De manière concrète, la SSA reposerait sur un modèle calqué sur celui du système de santé, avec « une carte vitale de l’alimentation » qui donnerait accès à « des produits conventionnés pour un montant de 150€/mois et par personne » grâce à un mode de financement basé sur la cotisation sociale. Pour déterminer le conventionnement des denrées alimentaires, des caisses primaires démocratiques seraient mises en place au niveau local.
Des initiatives locales inspirées de ce modèle
Quelques projets inspirés de la SSA ont vu le jour ces dernières années. C’est le cas des Paniers Marseillais, un réseau d’Amap (Associations pour le maintien d’une agriculture paysanne) qui s’est associé au Secours Populaire des Bouches-du-Rhône. Ensemble, ils ont mis en place des paniers solidaires à 3 euros, à destination de familles en situation de précarité. Une initiative qui permet l’accès à une alimentation de qualité tout en soutenant les maraîchers bio de la région qui peuvent compter sur des revenus réguliers.
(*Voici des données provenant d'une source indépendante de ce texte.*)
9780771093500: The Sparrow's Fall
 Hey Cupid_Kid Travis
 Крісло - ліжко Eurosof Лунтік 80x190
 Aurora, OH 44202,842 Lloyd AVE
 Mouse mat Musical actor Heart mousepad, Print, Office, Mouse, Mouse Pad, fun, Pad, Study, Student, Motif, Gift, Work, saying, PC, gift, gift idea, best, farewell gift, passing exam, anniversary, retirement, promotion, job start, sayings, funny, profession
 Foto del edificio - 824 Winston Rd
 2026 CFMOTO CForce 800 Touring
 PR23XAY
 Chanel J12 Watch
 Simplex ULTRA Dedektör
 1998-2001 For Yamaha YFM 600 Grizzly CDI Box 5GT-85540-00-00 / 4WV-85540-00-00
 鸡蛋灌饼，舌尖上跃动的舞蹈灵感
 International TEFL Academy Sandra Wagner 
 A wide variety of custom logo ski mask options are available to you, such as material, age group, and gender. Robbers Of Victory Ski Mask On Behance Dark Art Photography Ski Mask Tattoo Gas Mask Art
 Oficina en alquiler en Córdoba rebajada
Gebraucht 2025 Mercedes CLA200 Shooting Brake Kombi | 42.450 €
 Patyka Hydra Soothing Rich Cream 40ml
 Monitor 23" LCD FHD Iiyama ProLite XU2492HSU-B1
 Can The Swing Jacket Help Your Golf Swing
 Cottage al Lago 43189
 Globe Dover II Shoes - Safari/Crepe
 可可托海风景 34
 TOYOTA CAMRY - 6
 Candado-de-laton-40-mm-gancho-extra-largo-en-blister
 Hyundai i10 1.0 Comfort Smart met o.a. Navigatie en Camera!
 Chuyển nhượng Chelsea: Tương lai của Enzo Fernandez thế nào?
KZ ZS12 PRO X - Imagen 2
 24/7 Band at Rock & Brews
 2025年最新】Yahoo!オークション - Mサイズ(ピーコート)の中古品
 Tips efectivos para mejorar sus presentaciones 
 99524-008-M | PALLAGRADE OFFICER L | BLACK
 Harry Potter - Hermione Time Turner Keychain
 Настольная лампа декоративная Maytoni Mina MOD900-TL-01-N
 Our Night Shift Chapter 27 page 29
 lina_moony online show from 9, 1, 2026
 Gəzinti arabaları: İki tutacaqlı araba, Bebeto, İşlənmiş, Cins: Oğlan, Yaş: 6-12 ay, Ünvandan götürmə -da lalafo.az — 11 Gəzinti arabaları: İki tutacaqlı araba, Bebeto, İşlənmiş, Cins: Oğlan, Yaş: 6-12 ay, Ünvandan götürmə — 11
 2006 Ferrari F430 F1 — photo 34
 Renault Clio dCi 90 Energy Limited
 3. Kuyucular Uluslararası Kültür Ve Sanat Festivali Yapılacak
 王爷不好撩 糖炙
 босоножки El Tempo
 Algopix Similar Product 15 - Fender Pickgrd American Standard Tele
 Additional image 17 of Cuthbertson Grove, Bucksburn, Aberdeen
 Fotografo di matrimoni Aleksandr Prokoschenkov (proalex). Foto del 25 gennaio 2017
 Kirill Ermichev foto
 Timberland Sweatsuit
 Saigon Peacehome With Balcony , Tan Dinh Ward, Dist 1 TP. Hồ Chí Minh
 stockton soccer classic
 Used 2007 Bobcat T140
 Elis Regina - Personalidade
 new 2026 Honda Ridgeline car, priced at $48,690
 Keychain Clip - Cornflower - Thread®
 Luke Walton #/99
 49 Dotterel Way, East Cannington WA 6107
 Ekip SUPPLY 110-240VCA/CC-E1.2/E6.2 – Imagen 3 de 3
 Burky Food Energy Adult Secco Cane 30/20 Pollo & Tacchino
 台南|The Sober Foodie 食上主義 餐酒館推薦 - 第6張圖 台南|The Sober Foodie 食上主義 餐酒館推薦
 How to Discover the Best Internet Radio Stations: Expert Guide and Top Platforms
Plus récemment, dans la Drôme, le « marché du lavoir » de Dieulefit se base également sur les valeurs de la SSA, pour rendre accessibles ses produits bio et locaux. Lancée le 15 septembre dernier, cette initiative municipale permet la vente directe d’un producteur à un consommateur qui a le choix entre trois prix : le « prix du maraîcher » qui couvre les coûts de production et un revenu décent, le « prix accessible » qui est 30% moins cher et le « prix solidaire », 30% plus cher, qui permet au précédent d’exister.
Autre exemple avec l’Épicerie Paysanne Ambulante et Solidaire (EPAS) qui s’est montée pendant le premier confinement dans l’Aude après l’annonce de la fermeture des marchés et des restaurants. Elle permet de vendre en direct aux consommateurs, des bons produits à des prix accessibles, et ce même dans des villages reculés, leur permettant alors de retrouver une certaine autonomie. Des paniers solidaires ont été mis en place avec le Secours Catholique pour donner accès à cette alimentation de qualité aux foyers les plus modestes.
Vous pouvez découvrir d’autres initiatives sur le site de SSA. Si pour l’instant, elles restent à l’échelle locale, le collectif ambitionne de voir ce modèle se systématiser à l’ensemble du pays. C’est là qu’il sera efficace dans sa lutte contre la précarité alimentaire.